# Finding a function

1. Dec 10, 2008

### Olle.s

1. The problem statement, all variables and given/known data
The function goes through the points -3,1 -1,3 and 1,4
f'(-3)=0 and f'(1)=0
f''(x)>0 when x<-1 and f''(x)<0 when x>-1
What is the function?
2. Relevant equations

3. The attempt at a solution
I take it this is a third degree equation?
f(x) = ax^3 + bx^2 + cx + d

When I plug in the values I get
From derivative
0 =27a– 6b+ c
0 =3a+ 2b+ c
From f(x)
1 =-27a +9b− 3c+ d
3 =-a+ b− c+ d
4 =a+ b+ c+ d

I substitute and get rid of c and d and then get
a=-5/48
and from this i get
b=-0.3125 c= 0.9375 d ≈ 3.48

but this is wrong, as the graph doesn't go through -3,1
What did I do wrong? ?
Thanks for help

2. Dec 10, 2008

### tiny-tim

Welcome to PF!

Hi Olle.s! Welcome to PF!
erm … you had five equations and only four variables!

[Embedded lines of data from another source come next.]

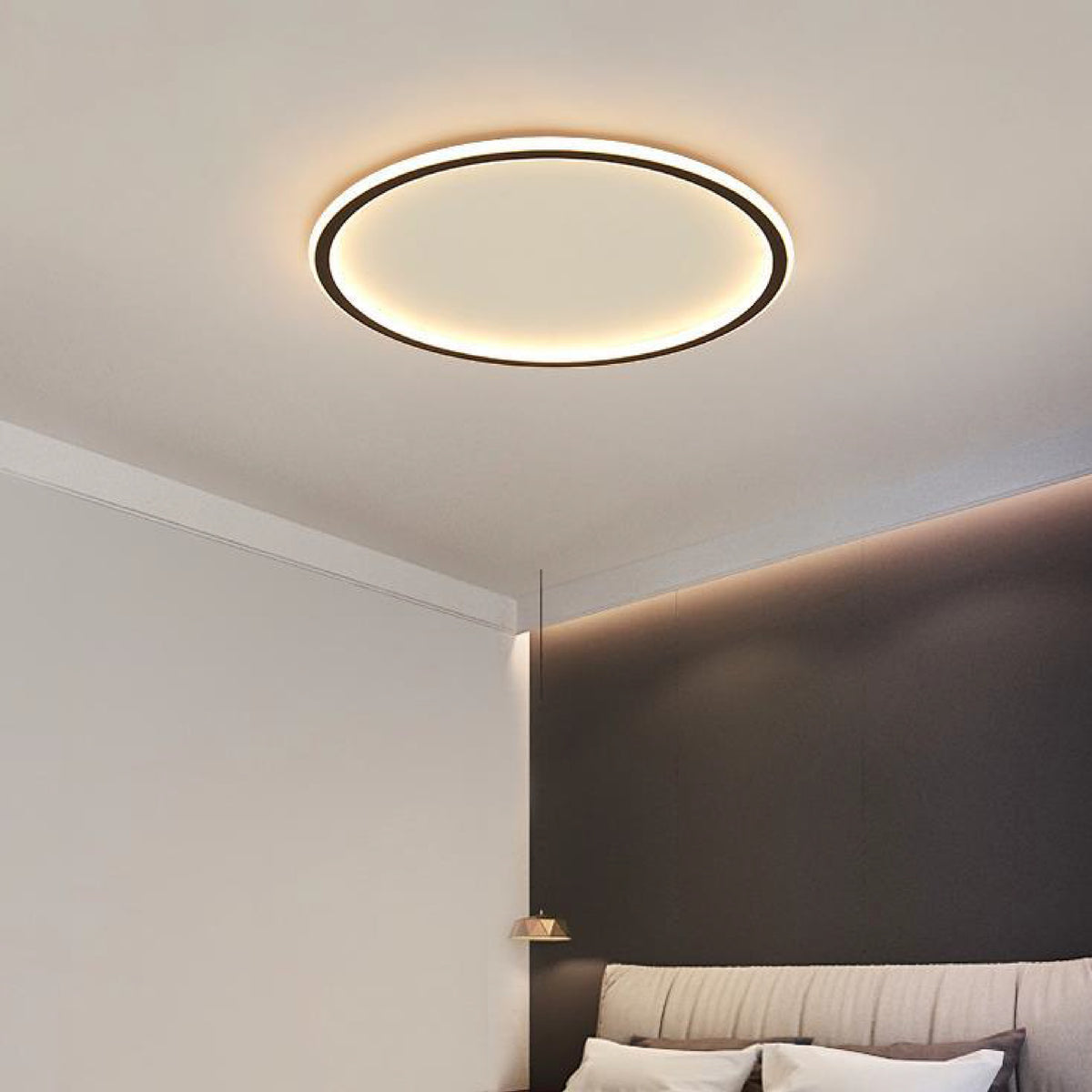 Viivi LED ceiling light, black halo ring lit around its edge on a bedroom ceiling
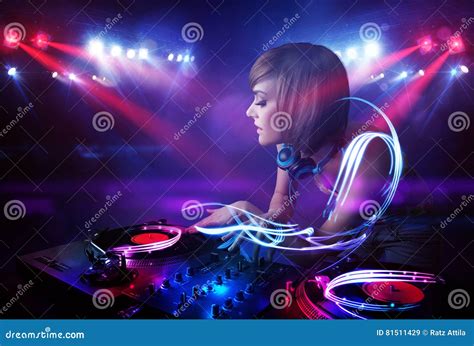 Disc Jockey Girl Playing Music with Light Beam Effects on Stage Stock ...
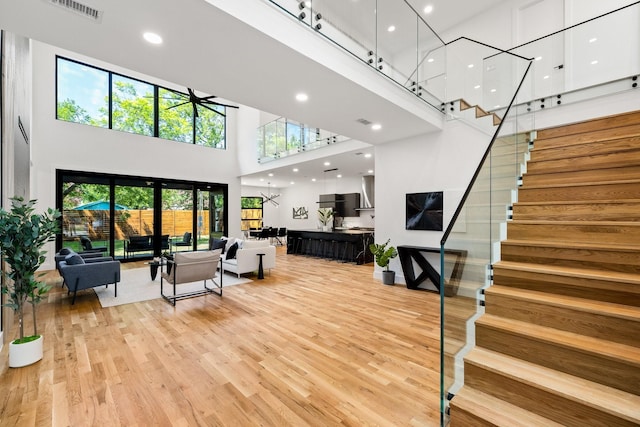 living room featuring wood-type flooring and a high ceiling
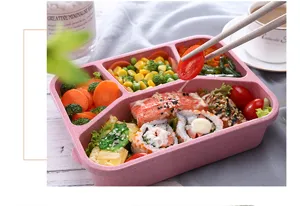 Close-up detail of pink wheat straw bento box with multi-compartment food layout.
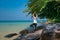 A woman standing on one leg while practicing yoga on wooden bridge over the sea during summer vacation. attractive young Asian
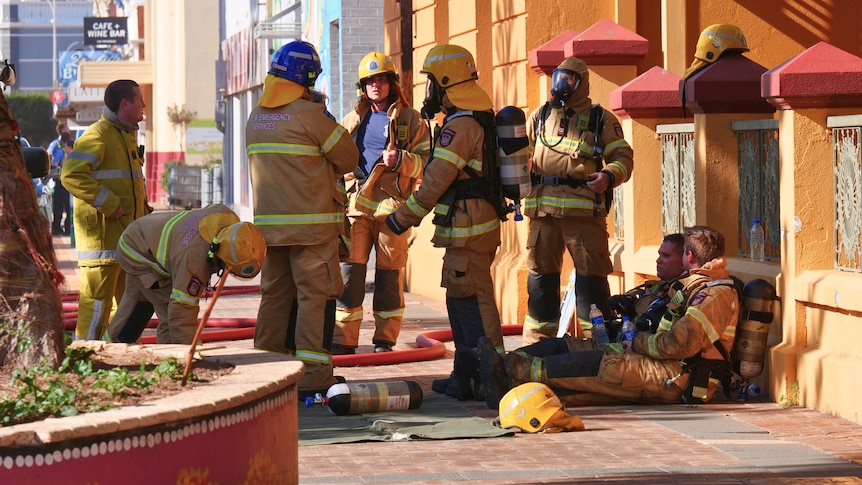 Firefighters outside a building in a country town.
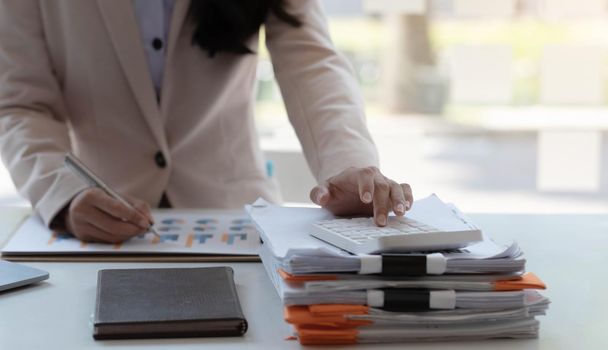 Businesswoman using calculator working at office with reports document financial..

Try a fourth degree equation.

3. Dec 10, 2008

### Defennder

Hmm, why did you assume it was a 3rd degree polynomial? There doesn't appear to be any soution to this system of equations; you can check it online via a linear solver:

4. Dec 10, 2008

### gabbagabbahey

Re: Welcome to PF!

I don't think a fourth degree equation will work; the fact that $f''(x)<0 \text{ if } x>-1$ and $f''(x)>0\text{ if } x<-1$ says to me that the graph of f(x) has only one inflection point, and its at x=-1. A quartic won't accomplish that.

5. Dec 10, 2008

### tiny-tim

oops!

oooh … I never noticed they were both at -1.

hmmm … that gives a sixth equation, f''(-1) = 0 (or ∞?) …

so maybe a fifth degree equation will do it?

Thanks, gabbagabbahey! It's a good job other people check up on me!

6. Dec 10, 2008

### gabbagabbahey

Are you sure it doesn't pass through (-1,2) instead?

7. Dec 10, 2008

### gabbagabbahey

Re: oops!

Actually I don't think there is a solution to the problem written as-is (if it passes through (-1,2) instead of (-1,3) then it's a different story)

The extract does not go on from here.